Tra le sigle centriste apparentate con il Pd troviamo i Centristi per l'Europa di Pier Ferdinando Casini e Demos (Democrazia Solidale) del cattolico Paolo Ciani. Entrambi eletti in Parlamento con le liste dei dem. Il Movimento, che si definisce cattolico democratico e di ispirazione cristiana, alle europee ha sostenuto l'ex direttore di Avvenire Marco Tarquinio, al centro di polemiche, all'interno dello stesso Pd, per le sue posizioni sulla guerra In Ucraina. Anche Tarquinio è stato eletto come indipendente nelle liste dei dem all'Europarlamento di Bruxelles. L'unico seggio conquistato dagli scissionisti ex grillini di Luigi Di Maio, raggruppati nello sfortunato contenitore di Impegno Civico, è quello di Bruno Tabacci. Leader del Centro Democratico, che - nel dibattito sul federatore centrista - ha bocciato Sala e promosso Ruffini. «Federatore? Sala non ha il fisico», il commento di Tabacci. Mentre «Ruffini è una novità solida, una personalità equilibrata», il giudizio dello storico esponente ex Dc. Tra gli ex democristiani che non guardano al centrodestra è il caos. Beppe Fioroni, fuoriuscito dal Pd dopo l'elezione di Elly Schlein come segretaria, ha fondato il movimento Tempi Nuovi. Sigla che è confluita nella Piattaforma Popolare, grazie al patto con Pop-Popolari in Rete di Giuseppe De Mita, figlio dell'ex leader dello scudo crociato Ciriaco. Alla piattaforma ha aderito anche Popolari per l'Italia di Mario Mauro, che però in alcune regioni, come il Molise, sostiene il centrodestra.
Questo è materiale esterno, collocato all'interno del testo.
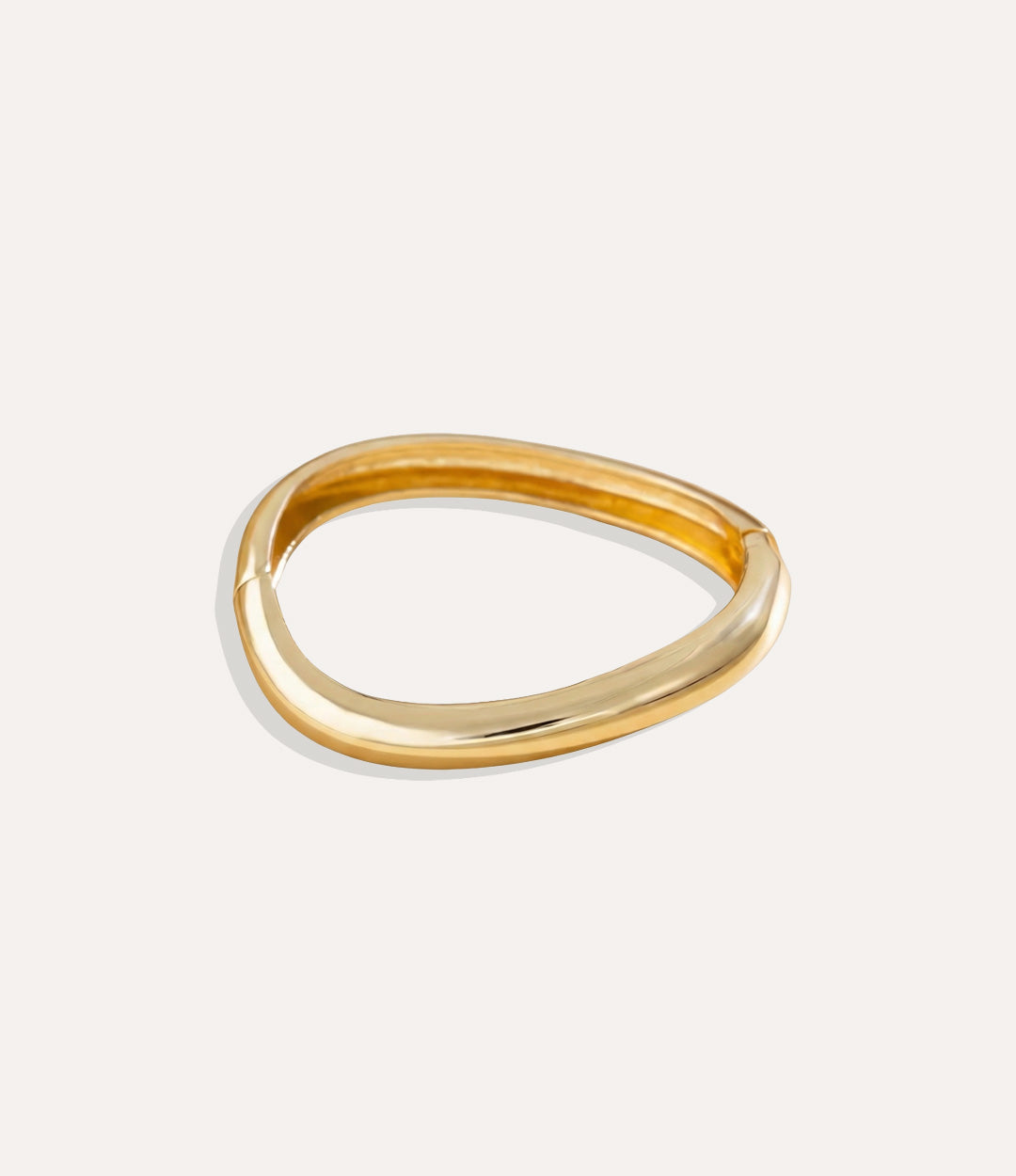 Gold Fluid Bangles with modern free-form design displayed on a clean background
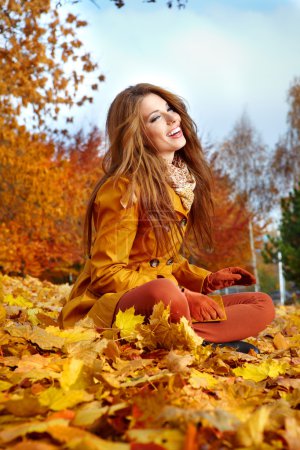Young woman with autumn leaves in hand and fall yellow maple gar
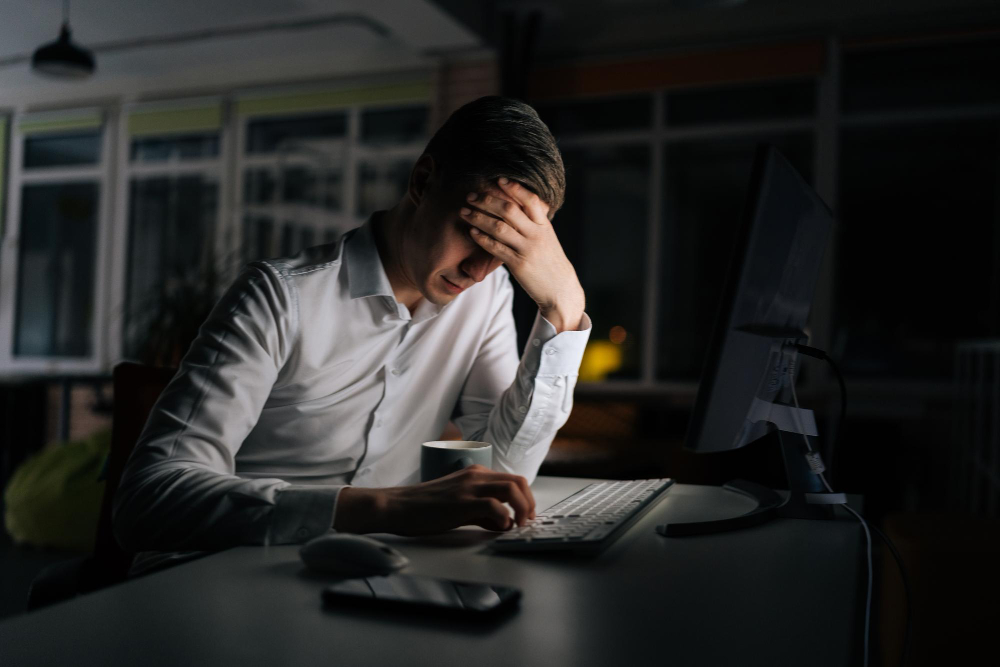 Taxpayer reviewing financial documents and HMRC payment options for outstanding tax bill in the UK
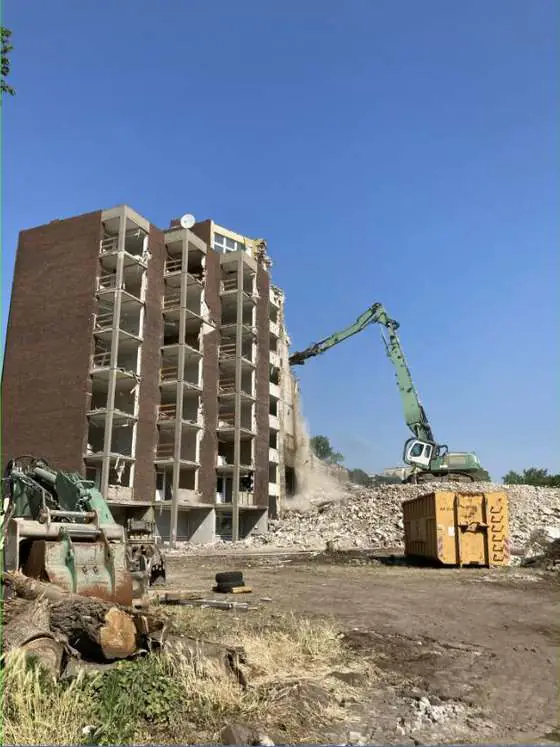 Abriss eines mehrgeschossigen Gebäudes mit Longfront-Bagger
E non bisogna dimenticare l'ex ministro Clemente Mastella, attuale inossidabile sindaco di Benevento, animatore del movimento Noi di Centro. «Sala non può fare il federatore e Ruffini sta sbagliando», ha commentato Mastella, a proposito del dibattito sul «federatore» dei tanti centristi senza bussola e con tanti partiti. Forse troppi.